So, as 2014 looms the question remains: Will 2014 be the year when the capacity crisis actually kicks in and drives trucking rates up mid- to high-single digits?
“While we would like to think that’s a real possibility, without the economy shifting into a higher gear this outcome is unlikely,” Larkin says. “We would expect more of the same for both truckload and LTL carriers—low-single-digit year-over-year rate increases.”
According to Larkin, until the electronic logic devices (ELDs) are mandated across the board by the federal government, the sluggish economy, coupled with collaborative supply chain efficiencies put in place by shippers and carriers alike, will drive “pedestrian” rate increases.

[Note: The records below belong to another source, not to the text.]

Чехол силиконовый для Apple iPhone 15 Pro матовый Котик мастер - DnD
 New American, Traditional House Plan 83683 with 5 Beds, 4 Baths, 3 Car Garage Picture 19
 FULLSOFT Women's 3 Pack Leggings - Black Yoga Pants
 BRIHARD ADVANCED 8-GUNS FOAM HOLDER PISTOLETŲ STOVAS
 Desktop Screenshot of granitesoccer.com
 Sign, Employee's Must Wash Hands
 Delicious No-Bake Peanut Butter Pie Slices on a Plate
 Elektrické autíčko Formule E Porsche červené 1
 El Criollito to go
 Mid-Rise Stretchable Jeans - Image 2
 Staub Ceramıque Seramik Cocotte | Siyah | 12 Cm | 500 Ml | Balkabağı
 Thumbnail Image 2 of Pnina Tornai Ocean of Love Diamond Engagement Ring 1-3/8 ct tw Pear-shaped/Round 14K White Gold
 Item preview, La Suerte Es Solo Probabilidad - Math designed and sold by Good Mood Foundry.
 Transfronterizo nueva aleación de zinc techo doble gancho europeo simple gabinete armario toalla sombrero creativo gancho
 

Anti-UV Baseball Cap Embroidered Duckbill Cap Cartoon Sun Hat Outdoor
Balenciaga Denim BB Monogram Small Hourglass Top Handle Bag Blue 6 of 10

“Once the ELD’s go into effect, we may finally have the catalyst that drains enough capacity from the market to drive the much anticipated mid- to high-single-digit increases,” adds Larkin.
Rail/Intermodal: Increase on track
Brooks Bentz, a partner in Accenture’s supply chain management practice, jokingly referred to “yawns of surprise” when evaluating rates in 2013, and does not see a significant change this year.
“I believe that the economy will continue recovering, but at a very modest pace, and that rate making in carload and intermodal will reflect that,” says Bentz. “Exceptions may be there in the really hot areas, such as drilling pipe, frac sand, as well as petroleum and gas output. But since there’s not much of a long history there, it will be hard to gauge.”
Bentz says that intermodal is doing well domestically and still lagging internationally—a trend he sees as ongoing. The “market-changers” will be the willingness, followed by the ability, of some carriers to mount an assault on the shorter-haul markets with their hub-and-spoke approach. According to Bentz, this is a burst of new thinking and an approach to penetrating the market segment that has some of the largest volumes.
“Railway operating efficiency is very strong across the board, but they are still striving to do better, which will make them a very competitive force for a long time to come,” says Bentz. “That means, shippers who are new or casual users of rail—either carload, intermodal, or both—should do the due diligence to examine rail as an alternative mode.”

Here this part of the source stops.